Filmvermittlung und Cinéphilie: Alain Bergala

»Du coq à l’âne – Des mains et des objets«
Anne Huet und Alain Bergala im Gespräch mit Agnès Varda

[1]Diese Mise-en-Scène dürfte eine Anspielung auf den Vorspann von Vardas Spielfilm Cléo de 5 à 7 sein.

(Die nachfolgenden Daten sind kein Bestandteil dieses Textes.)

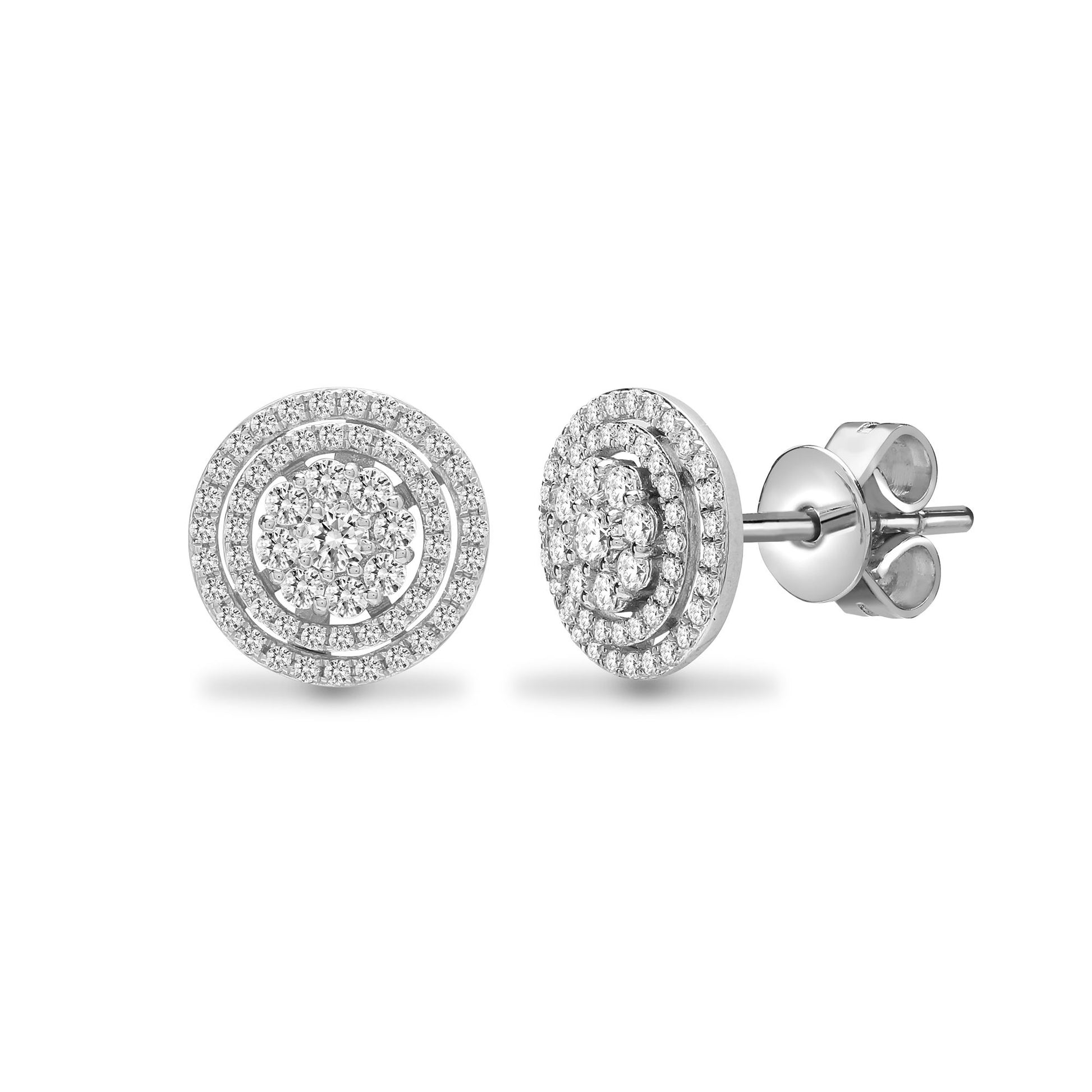 18ct White Gold  Diamond Double Halo Cluster Stud Earrings 11mm - 18E426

»Was für eine Mise-en-scène!« –, so eröffnet Agnès Varda das Gespräch mit Anne Huet und Alain Bergala. Varda, Huet und Bergala sind um einen Tisch versammelt, der einzig aus der Aufsicht zu sehen ist. Die Kadrage hält ihre Körper und Gesichter aus dem Bild heraus, sodass ihre Stimmen auf der Grenze zwischen On und Off angesiedelt sind. Gezeigt werden nur die Hände und Gesten der Sprechenden und das, was diese Hände darüber hinaus noch mit auf den Tisch bringen. Die Gesprächspartner bilden ein Dreieck und Varda sitzt an dessen Spitze, die uns, dem Zuschauer, nahe ist. Ihr gegenüber: Alain Bergala und Anne Huet. Aus der Aufsicht betrachtet wirkt die Tischfläche wie ein Tableau. Die Handlungen, die sich innerhalb dieses Tableaus vollziehen, erscheinen aus ihrem Zusammenhang herausgelöst, so, als führten sie etwas vor: Mit den Händen sprechen und mit Objekten denken, das ist das Prinzip des Films, das durch die einfache Operation der Mise-en-Scène ins Bild gesetzt wird. [1] Der Filmtitel Du coq à l’âne – Des mains et des objets (»Gedankensprünge – Von Händen und Dingen«) spricht von diesem Prinzip.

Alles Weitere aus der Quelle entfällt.